Torino, contro il Sassuolo un solo risultato: la vittoria

Torino, contro il Sassuolo un solo risultato: la vittoria

Verso Torino-Sassuolo / I granata tra poche ore saranno in campo contro i nero-verdi di Di Francesco. Un solo epilogo può essere soddisfacente: la vittoria

di Cristina Raviola, @CriCuoreToro

Ventura ha avuto due settimane di tempo, seppur con un gruppo decurtato dalle tante convocazioni, per preparare al meglio la sfida di oggi contro il Sassuolo. Non ci sono più alibi: i granata devono dimostrare al tecnico e al pubblico di aver superato la sconfitta di Roma e quella di Helsinki, e di essere finalmente in grado di regalare una prestazione degna di tale nome ai tifosi.

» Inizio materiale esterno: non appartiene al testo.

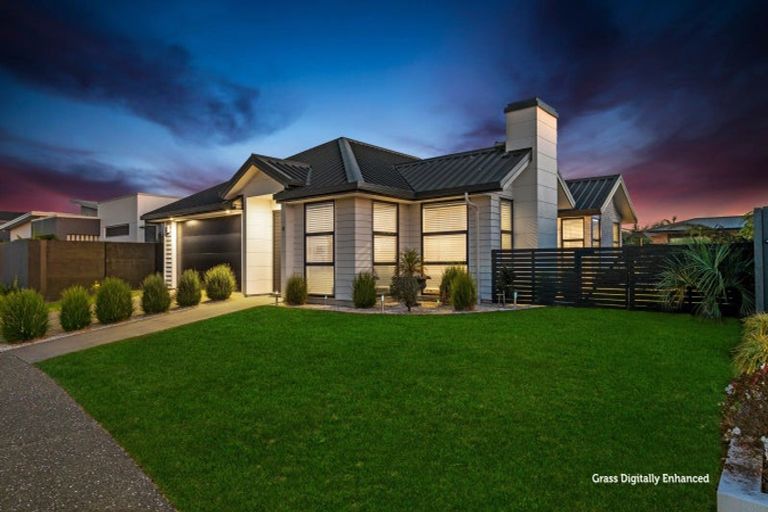 Photo of property in 8 Sarcodia Place, Papamoa Beach, Papamoa, 3118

La formazione che Ventura sceglierà di mandare in campo dovrà essere in grado di dare le giuste risposte alle aspettative di tutti quanti, ma soprattutto dovrà essere cinica a sfruttare le occasioni che capiteranno, contro una squadra molto tecnica e preparata come quella di Di Francesco. Il Sassuolo, infatti, non regalerà niente, possiamo starne certi. L’undici nero-verde ha tutte le carte in regola per dare i grattacapi del caso alla retroguardia granata, che dovrà fare molta attenzione alla verve offensiva degli ospiti. Sansone-Zaza-Berardi è un tridente di tutto rispetto, che i granata non devono sottovalutare, ma neanche averne eccessiva paura. Bisognerà essere prudenti, ma non remissivi, e reagire colpo su colpo agli attacchi del Sassuolo. I granata saranno chiamati ad una prova difensiva impeccabile, per non dare possibilità ai micidiali attaccanti emiliani di concludere; il centrocampo, di contro, dovrà, sì agire da schermo davanti alla difesa, ma anche e soprattutto cominciare a mettere in moto con maggiore incisività l’attacco, troppo isolato dal reparto mediano nelle ultime prestazioni; l’attacco, appunto: Fabio Quagliarella è chiamato nuovamente a “salvare la patria”, ma speriamo che non sia sempre e solo l’unico uomo pericoloso tra le fila granata. Servirà, infatti, la collaborazione di tutto il collettivo per portare a casa bottino pieno, nessuno escluso. Gli esterni dovranno avere maggiore precisione nel servire gli attaccanti, cosa che non si è ancora manifestata fin’ora: parte delle responsabilità della sterilità offensiva granata è imputabile, infatti, alla scarsità di cross utili arrivati dagli uomini di fascia, che sono chiamati ad invertire la rotta già da oggi.

In conclusione, certamente non sarà un impegno facile, ma Il Toro non ha mai subito gol dagli emiliani in Serie A, e c’è la giusta determinazione per proseguire su questa strada, ed invertire, invece, la pericolosa striscia negativa inaugurata ad Helsinki e confermata a Roma. Forza ragazzi, è il momento di far vedere chi siete e dove potete arrivare.